Верка чайку заварила, как надо, только что не чифирь. Тимофей держал в обеих руках стакан с подстаканником. Грыз сахар, грел смоляную бороду.
— Слушай тогда. В России было. То ли цыгане у мужиков и впрямь увели лошадей, то ли напраслину кто навел, но только собрался в деревне сход, и мужики поклялись извести под корень цыган. Наши узнали это. Баро сказал людям: «Сажайте в телеги детей и баб, бегите подальше. А я — в деревню». Пхури раскинула карты и говорит вожаку: «Там злобы много. Распнут тебя или на кол посадят. Не ходи». Он ей на это: «Так, значит, мне назначено. Все от Бога. А может, уговорю их не трогать табор». Пхури тогда дает ему перстень с ликом Христа. И нашептала, смешала колоду: «Иди! Удачи тебе, баро…»

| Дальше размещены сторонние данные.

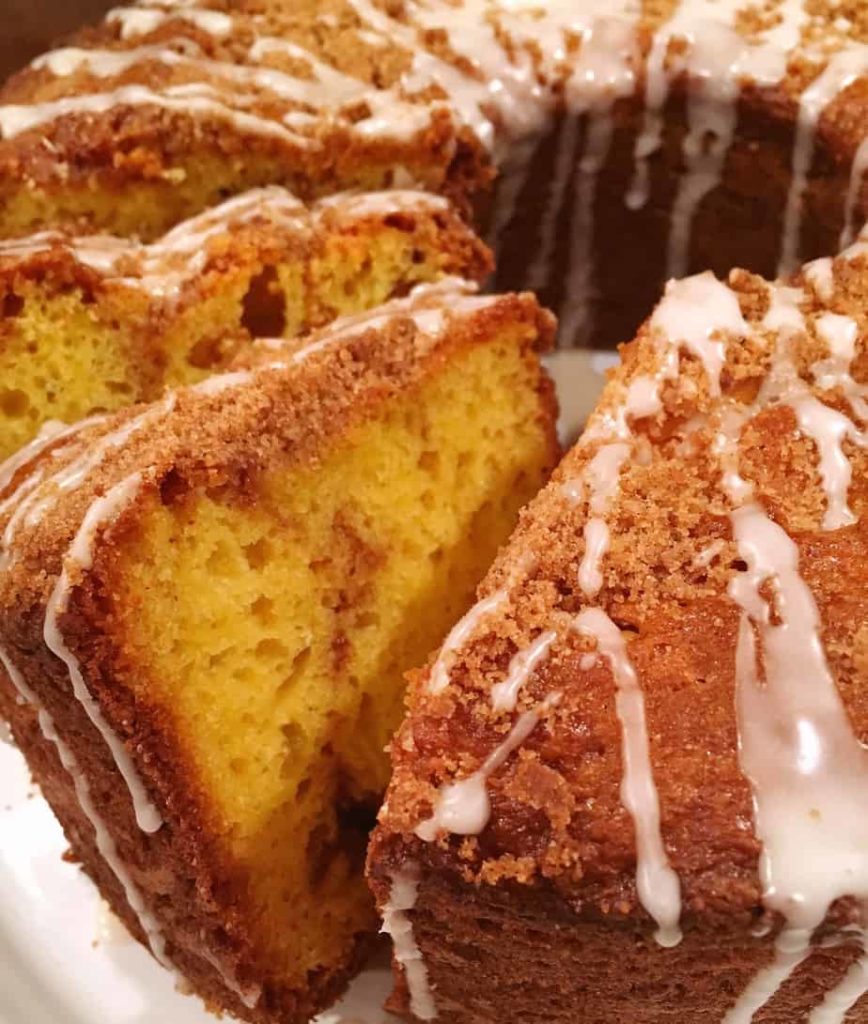 Large bundt yellow cake with swirls of cinnamon filling and a light streusel crumb topping and drizzles of vanilla glaze.
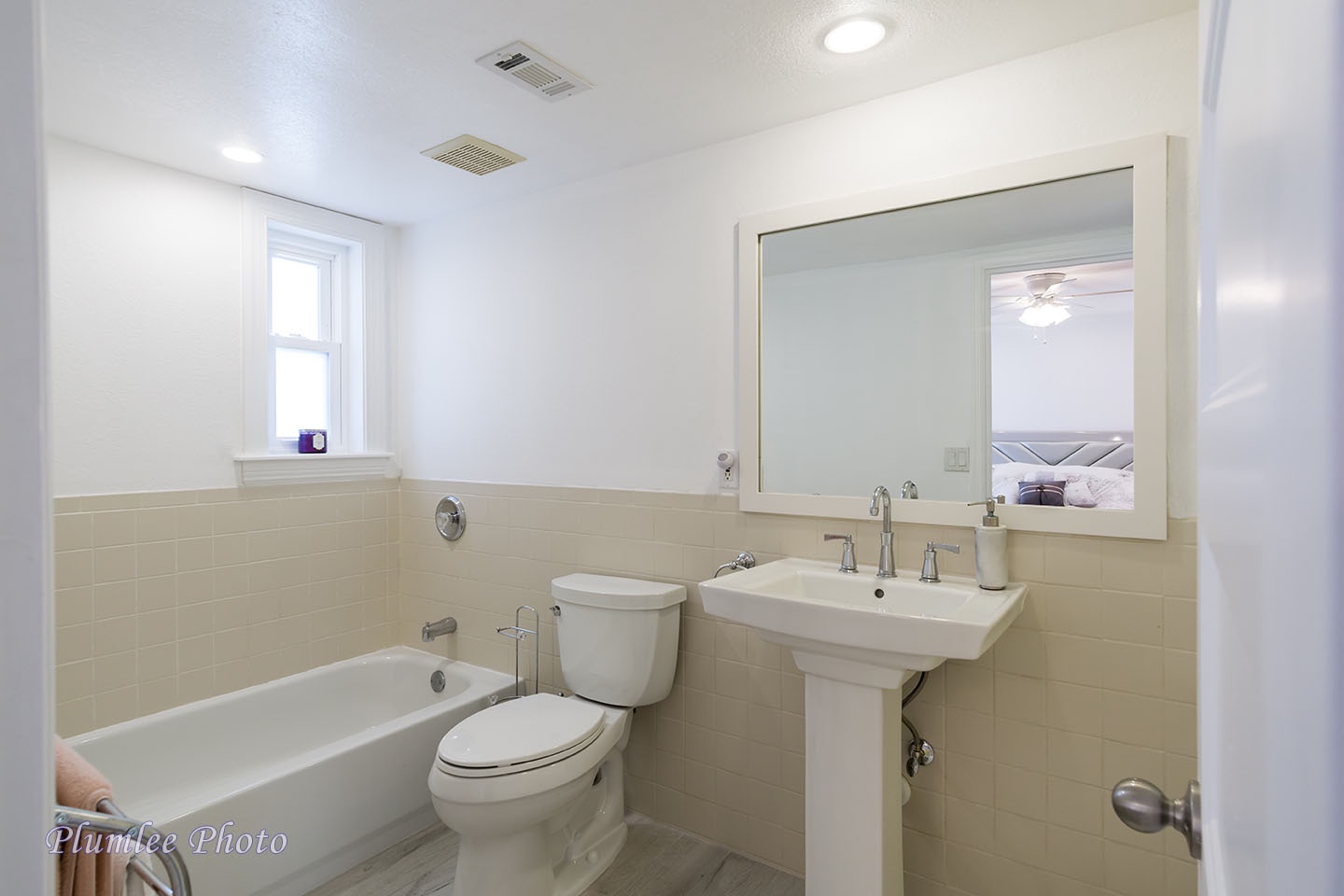 There's a tub on the opposite side of the Master Bathroom.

Приходит баро в деревню, а там мужики уже с кольями. Пьяные, злые. Увидели вожака, озверели. Глумились, били, но не до смерти. Их любопытство разобрало. Ты, говорят, почему сам пришел? Не побоялся, цыган… Сажай его на кол!.. Вожак им на это губами разбитыми: «Вы, мужики, православные?» — «Мы-то?» — «А не видите, что у меня на пальце Христос». — «Видим, цыган. Говори, с кого снял этот перстень! Какую христианскую душу сгубил?» Баро усмехнулся: «Глядите, мужики. Руку подниму, и явится вам Николай Угодник». Отпрянули мужики: «Колдун!» А баро воздел руку к небу, и встал на виду старичок в мужицкой рубахе, веревкой подпоясанный, строго сказал: «Что ж вы, поганцы, делаете, человека мучаете?» И вихрь набежал, пыль завертелась. Повалились мужики на колени: «Прости нас…» Угодник им говорит: «Отпустите баро, на табор с кольями не ходите, споры решайте миром. А перстень этот — цыганский. Кто с ним к цыганам придет, того и будет в таборах власть». Сказал — и пропал. А мужики протерли глаза и опять: «Помстилось, порчу наводит цыган. На кол его!» Подскочили к баро, но только перстня коснулся кто-то, сорвать хотел с пальца, как пламя рванулось настилом. Из пламени вышел Христос, и опять упали мужики на колени, взмолились. Христос им сказал: «Молитесь, миряне. А кто поднимет руку на человека с моим образом — тот свою душу погубит. Умрет он до срока…»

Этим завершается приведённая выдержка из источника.